Re: [PATCH v3] futex: Remove requirement for lock_page in

From: Davidlohr Bueso
Date: Wed Jan 20 2016 - 14:55:39 EST


On Tue, 19 Jan 2016, Bueso wrote:
/*
* Private mappings are handled in a simple way.
*
+ * If the futex key is stored on an anonymous page, then the associated
+ * object is the mm which is implicitly pinned by the calling process.
+ *
* NOTE: When userspace waits on a MAP_SHARED mapping, even if
* it's a read-only handle, it's expected that futexes attach to
* the object not the particular process.
@@ -566,16 +592,61 @@ again:
key->both.offset |= FUT_OFF_MMSHARED; /* ref taken on mm */
key->private.mm = mm;
key->private.address = address;
+
+ get_futex_key_refs(key); /* implies MB (B) */
+
} else {
+ struct inode *inode;
+
+ /*
+ * The associtated futex object in this case is the inode and
+ * the page->mapping must be traversed. Ordinarily this should
+ * be stabilised under page lock but it's not strictly
+ * necessary in this case as we just want to pin the inode, not
+ * update radix tree or anything like that.
+ *
+ * The RCU read lock is taken as the inode is finally freed
+ * under RCU. If the mapping still matches expectations then the
+ * mapping->host can be safely accessed as being a valid inode.
+ */
+ rcu_read_lock();
+ if (READ_ONCE(page->mapping) != mapping ||
+ !mapping->host) {
+ rcu_read_unlock();
+ put_page(page);
+
+ goto again;
+ }
+ inode = READ_ONCE(mapping->host);
+
+ /*
+ * Take a reference unless it is about to be freed.

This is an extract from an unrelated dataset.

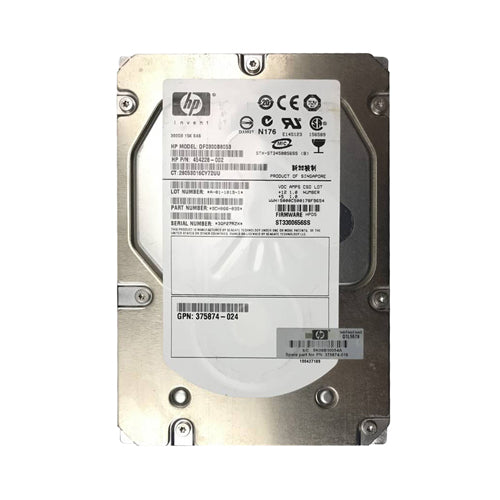 375874-024 HP 300GB 15000RPM SAS 3Gb/s 16MB Cache Hot-Swappable 3.5-inch Hard Drive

Previously
+ * this reference was taken by ihold under the page lock
+ * pinning the inode in place so i_lock was unnecessary. The
+ * only way for this check to fail is if the inode was
+ * truncated in parallel so warn for now if this happens.
+ *
+ * We are not calling into get_futex_key_refs() in file-backed
+ * cases, therefore a successful atomic_inc return below will
+ * guarantee that get_futex_key() will continue to imply MB (B).
+ */
+ if (WARN_ON_ONCE(!atomic_inc_not_zero(&inode->i_count))) {
+ rcu_read_unlock();
+ put_page(page);
+
+ goto again;
+ }
+
+ /* Should be impossible but lets be paranoid for now */
+ BUG_ON(inode->i_mapping != mapping);

Hmm, do we want to transform this into an if and do rcu unlock and then just
call BUG()? I't doesn't matter at this point _anyway_, but it would be the right
thing to do, no?

+
key->both.offset |= FUT_OFF_INODE; /* inode-based key */
- key->shared.inode = mapping->host;
+ key->shared.inode = inode;
key->shared.pgoff = basepage_index(page);
+ rcu_read_unlock();
}

- get_futex_key_refs(key); /* implies MB (B) */
-
out:
- unlock_page(page);
put_page(page);
return err;
}